Ulster managers have warmly welcomed the plan to introduce a new software system that will enable GAA chiefs to keep track of repeat yellow card offenders.
The Championship season to date has been blighted by an increase in cynical fouling, particularly in the closing stages of games as teams seek to protect leads.
Referees have also come under fire for a perceived failure to add on time lost when the ball is ‘killed’ or players deliberately employ delaying tactics, such as obstructing the taking of quick free-kicks.
The new software will make it much easier to record yellow cards issued from game to game, thus helping to highlight the persistent offenders.
A number of Ulster team bosses including James McCartan (Down), John Brennan (Derry) and Liam Bradley (Antrim) and the recently departed Monaghan manager Eamon McEneaney have drawn attention to the malaise of cynical fouling this year and it would appear that the plea for action has not fallen on deaf ears.
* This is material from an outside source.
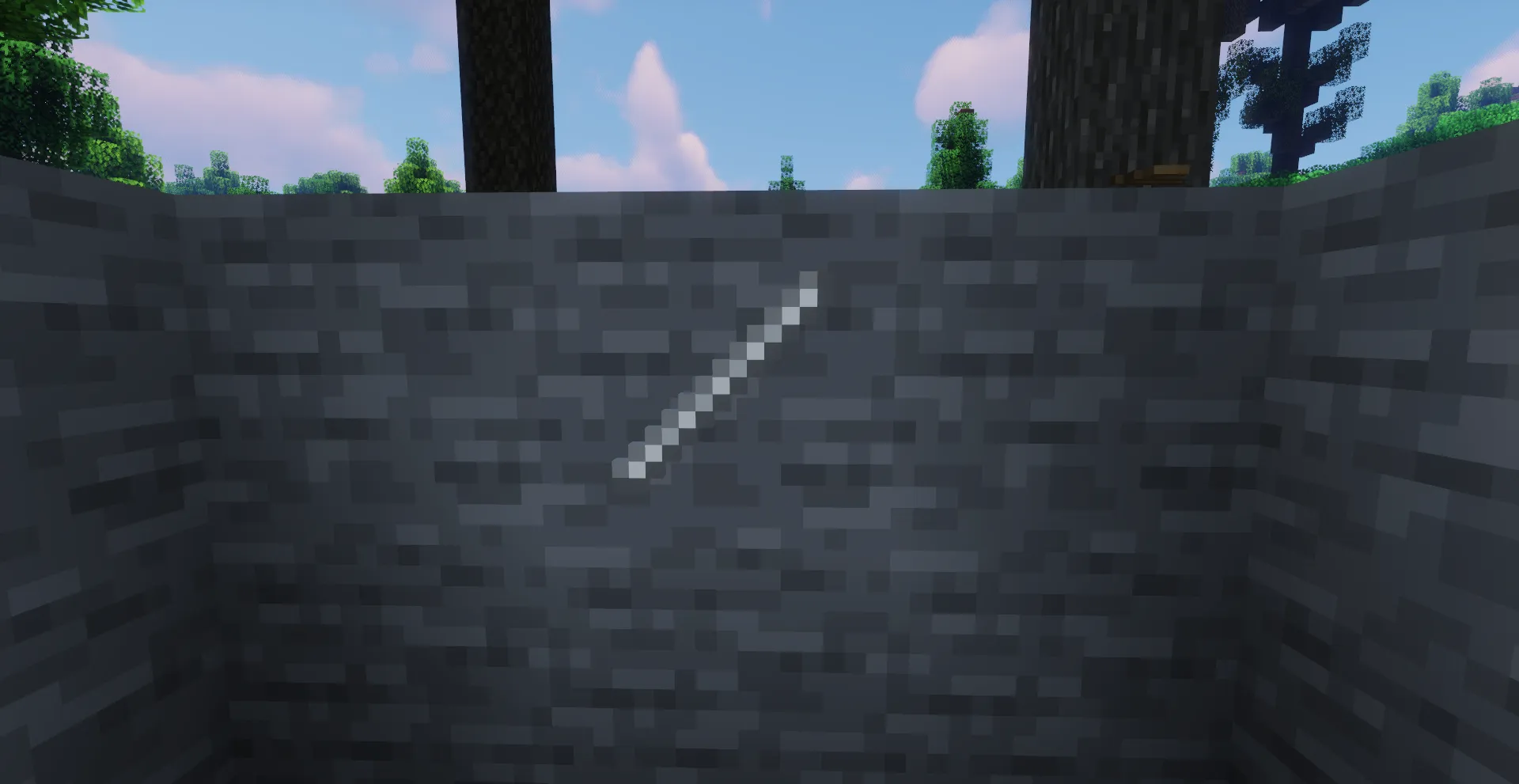 More Ores (Stone Editon), Моды, Minecraft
Referees will input the relevant information and the software will allow the Central Competitions Control Committee to detect repeat offenders.
Considerable anger has been generated from time to time during the Championship when one player might be shown a second yellow card for a relatively innocuous offence while others are seen to get away with repeated fouling, especially in the latter stages of matches.
The foul count in quite a number of games has been inordinately high and in some cases the side guilty of the most transgressions actually proved the winners — another element that has fuelled an increasingly impassioned debate.
Winning sides too have so far this season often picked up more yellow cards than losing teams thus lending weight to the theory that fouling pays dividends at the end of the day.
The new Football Review Committee is also expected to look closely at instances of cynical fouling with a view to recommending penalties that might be introduced further along the line.
GAA President Liam O’Neill is known to be keen to see cynical fouling eradicated as much as possible while Fergal McGill, the Croke Park games administrator and player welfare officer, suggests that the new software will be available “in the foreseeable future”.
McGill confirms that GAA chiefs have been concerned about cynical fouling for some time and the impact it is having on the presentation of games.
“There is an issue that needs to be addressed here and I think that the wheels are in motion now,” says McGill.